J・M・クッツェーの「遅い男」(鴻巣友季子訳,早川書房 2011)を読了。クッツェーは一時マイブームがあって,「マイケル・K」「
夷狄を待ちながら」「恥辱」を読んだことがある。この「遅い男」Slow Manは「恥辱」と同じ系統の,知的職業の中高年男性の失墜と絶望が描かれた小説と思って読み始めると,小説家の企んだ過激な仕掛けに面食らうことになる。
なによりも,エリザベス・コステロという女性の突然の登場に驚く。彼女は「エリザベス・コステロ」(邦訳は2005年出版)の主人公にして,作者自身のオルター・エゴ(分身)に他ならない。
彼女は登場していきなり,主人公のポールの前で本書の冒頭を読み上げたり,創作講義まで始める。訳者あとがきによれば,「それまでそこそこふつうのリアリズム小説と見えていたものはあっさりと様相を一変(表層的にはそうとは見えないが,とんでもない「侵入」が起きる)」するのだ(あとがきp.329より)。ポストモダン文学における「作品への作者の侵入」というわけだが,コステロは作中,何度もポールに向かって「あなたのほうから来たのよ」と嘯く。

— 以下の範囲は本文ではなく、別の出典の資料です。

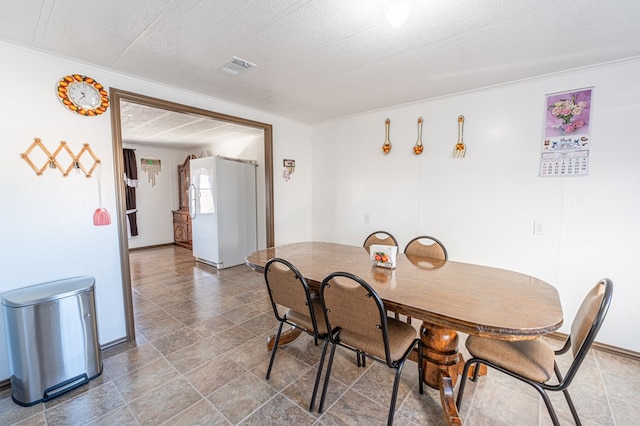 dining area featuring a textured ceiling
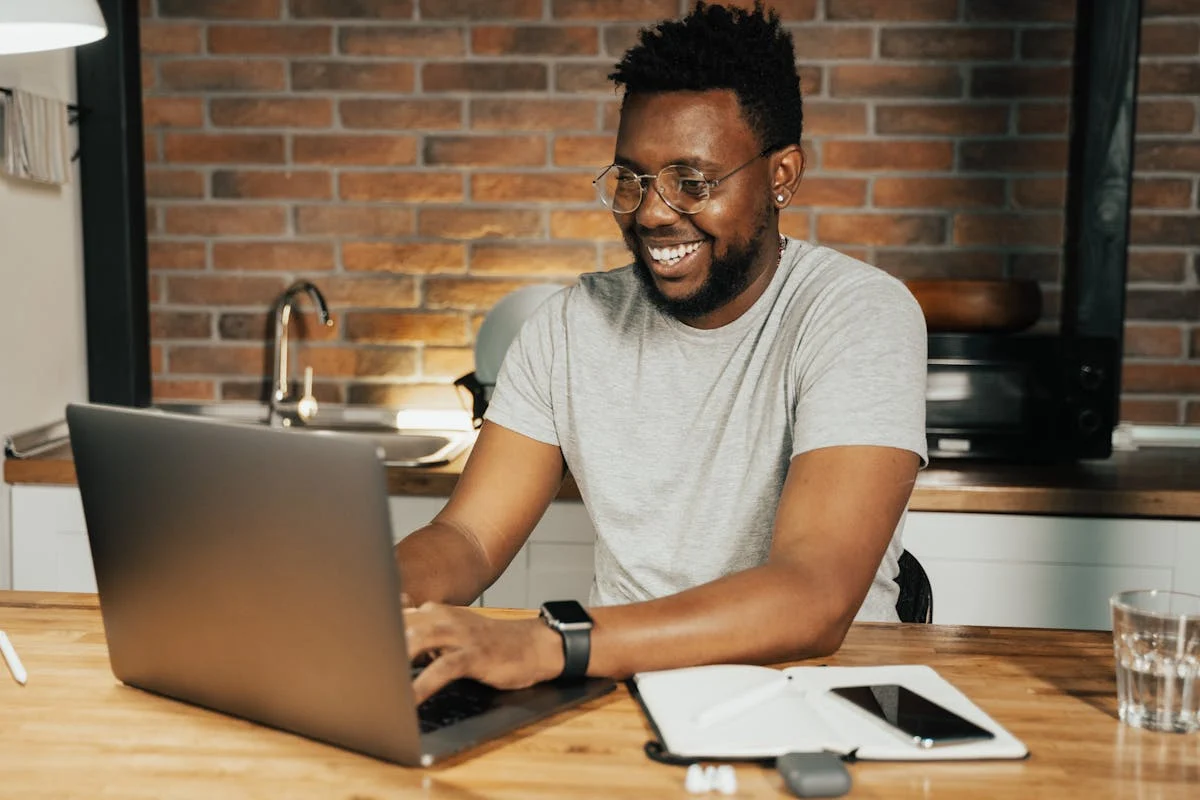Mann arbeitet lächelnd am Laptop in Küche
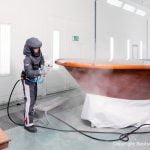 Stefan Baumgart in Schutzkleidung bei Holzlackierarbeiten in der Lackierkabine der Bootswerft Baumgart in Dortmund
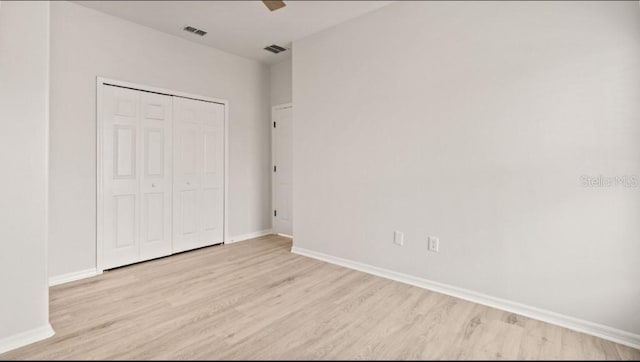 unfurnished bedroom featuring visible vents, baseboards, a closet, and wood finished floors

読者は,クッツェーの「剛腕」ぶりにねじふせられるかといえばそうではなく,とにかく最初から最後まで面白い,の一言。さまざまな要素がいちいち刺激的で(中でも,ポールが自身のコレクションした写真について「オリジナルとは何か」を滔々と語るくだりは独立した写真論といえそう),「老いや死生観」というわかりやすいテーマだけでなく,身体への暴力と他者の苦痛へのまなざし,移民問題,贈与と交換などなどが盛り込まれたページをただただ夢中で繰っていく体験をした。
同じ早川書房から出ている「エリザベス・コステロ」も急いで入手。クッツェーの創作論でもある。第6章「門前にて」はカフカの「掟の門前」を下敷きにしている。クッツェーの分身である作家コステロは審判の男に向かってこういうのだ。「わたしは作家なんです。(略)わたしの専門は,信じることではなく,ただ書くことにあります。信じることをわが務めとはしません。わたしは模倣するのです。アリストテレス流に言えば」(同著p.169より)。